Under normal circumstances, the diagnosis of rheumatic immune diseases was more erratic. The patient's condition was best to do a cystoscopy for a tissue biopsy. However, the Department of Urology also said that the condition of the bladder wall was not suitable for a biopsy.
The best way was a puncture biopsy of the kidney tissue.
"I suggest we persuade the patient's family to do a puncture biopsy of the kidney," Zheng Ren said firmly. "After the biopsy, we will be able to determine the problem."
Lin Ge felt as if a big black pot had been thrown at him from all directions.
The reason for diagnostic treatment was that the patient's family believed that the nausea, vomiting, and diarrhea had nothing to do with the kidney, so they insisted that it was a gynecological problem.
Should they do a biopsy?
If someone else had said that a puncture biopsy was necessary, Lin Ge would not have believed it completely. This kind of operation could lead to the intensification of the conflict. If there was no positive result, it was hard to say how the patient's family would react.
However, if Boss Zheng said so, Lin Ge's mind began to think about how to explain it to the patient's family.
"If the patient's family agrees to the kidney biopsy and the result is positive, we can use a more radical treatment." Zheng Ren thought for a moment and said, "Methylprednisolone 1 mg, once-daily impact therapy + intravenous immunoglobulin 20
G, once-daily shock therapy + intravenous immunoglobulin 20
G, one treatment per day. Then cyclophosphamide is given.
1.0
G Impact, Hydrocortisone Succinate 300
This dosage …
A mistake in judgment was enough to cause death.
Lin Ge frowned at Boss Zheng. Did the dosage have to be so high?

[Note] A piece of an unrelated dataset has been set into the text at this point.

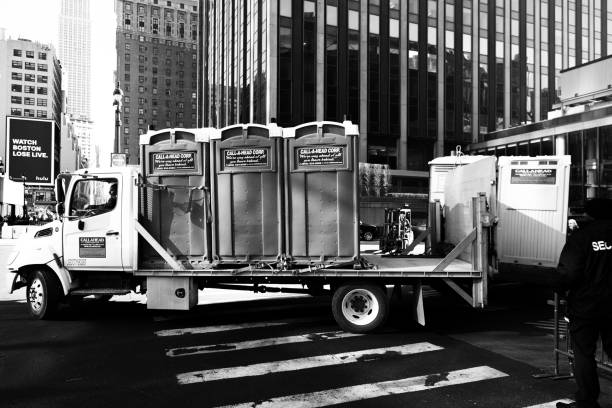 Porta potty delivery and setup in Ashwaubenon, WI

Cyclophosphamide 0.2 g for a day was enough to cause serious damage to the patient's myocardium.
Cyclophosphamide 0.2 g was used for a day and the patient's myocardium was severely damaged. However, Boss Zheng actually used 1 g. This … This …
It was not easy to explain.
Lin Ge's mind raced. When he thought of the lethal dosage, he had to be more cautious.
He raised his head and glanced at Boss Zheng. His gentle and steady smile gave Lin Ge almost unlimited confidence.
There was silence in the office. Professor Gu looked at Zheng Ren in astonishment. This amount was the limit of what he had imagined.
Although he had just said that he would use a large dosage for impact therapy, Professor Gu knew that it was impossible for him to use such an extreme dosage on the patient.
Such a dosage was usually used after a puncture biopsy to confirm systemic lupus erythematosus. Before this, Boss Zheng had confidently said the dosage …
'This Little Zheng is too bold, isn't he?' After all, he was an interventional doctor and an expert in rheumatism and immunity.
After a moment of silence, Lin Ge closed his notebook and forced a smile. "How about this? Call the patient's family to the medical administration division. I'll discuss with them about the kidney puncture biopsy."
Lin Ge was forced into a corner.
There would probably be an arduous battle in the medical administration division.